G20: la vraie rencontre

Intéressant de lire dans le Post sous la plume de Robert Kagan, l'homme dont on beaucoup trop parlé après qu'il eut forgé la métaphore sur l'Amérique "Mars" et l'Europe "Vénus", qu'un journaliste français lui fasse cette confidence à propos d'Obama: "Nous avons tous été surpris. Il est tellement...américain". Aveu d'une affligeante naïveté à laquelle font écho les attentes des Européens au G20 de Londres, en tout cas vu de l'extérieur: Obama le messie... avec cette contradiction que les Européens ne sont pas en mesure de fournir ce qu'Obama leur demande, condition d'un dialogue d'égal à égal.

"Les Européens adorent Obama, écrit Kagan, mais les dirigeants européens ont été fébriles depuis son élection. George W. Bush leur a fait une énorme faveur en leur offrant la meilleure excuse pour l'inaction dans l'histoire transatlantique. Arrive Obama, si engageant et, pourtant, si américain." Cette caricature de l'Europe ne me paraît pas raisonnable.
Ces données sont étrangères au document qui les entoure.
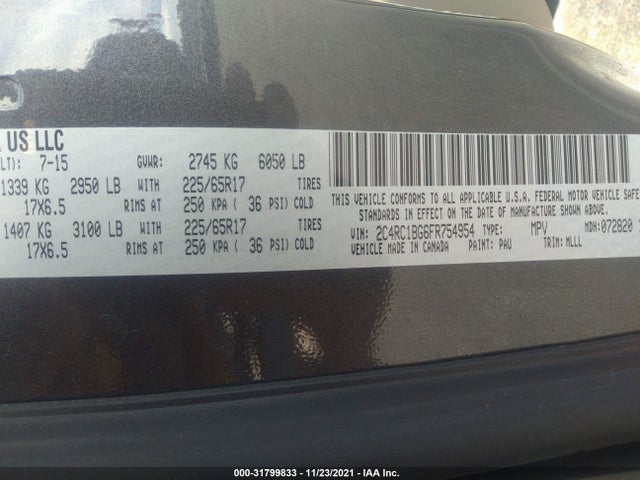 2015 Chrysler Town & Country, VIN: 2C4RC1BG6FR754954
La réalité, s'il est vrai que les Européens continentaux, très marqués par les conflits du dernier siècle, se sont habitués au confort de l'intervention étatique dans le domaine social et sont peu à l'aise avec la destruction créatrice qui caractérise les Anglo-Saxons, qu'ils sont enclins, selon le mot d'Hubert védrine, à une ère post-tragique, est que l'Europe est morcellée en Etats et divisée, et qu'elle ne saurait prétendre égaler les USA. Il est faux de prétendre qu'elle n'a pas de volonté - la leçon du président français lorsqu'il présida l'UE fut bien cela: une démonstration de volonté.

Ce qui est en cause, c'est la réalité des rapports de force et du poids respectif des acteurs. Il était prévisible, écrit même, que la vraie rencontre, selon toute vraisemblance, serait celle entre la Chine et les USA. Laissons de côté l'obamania tant qu'elle durera, Obama ou MacCain, la grande relation des décennies à venir est celle entre Pékin et Washington.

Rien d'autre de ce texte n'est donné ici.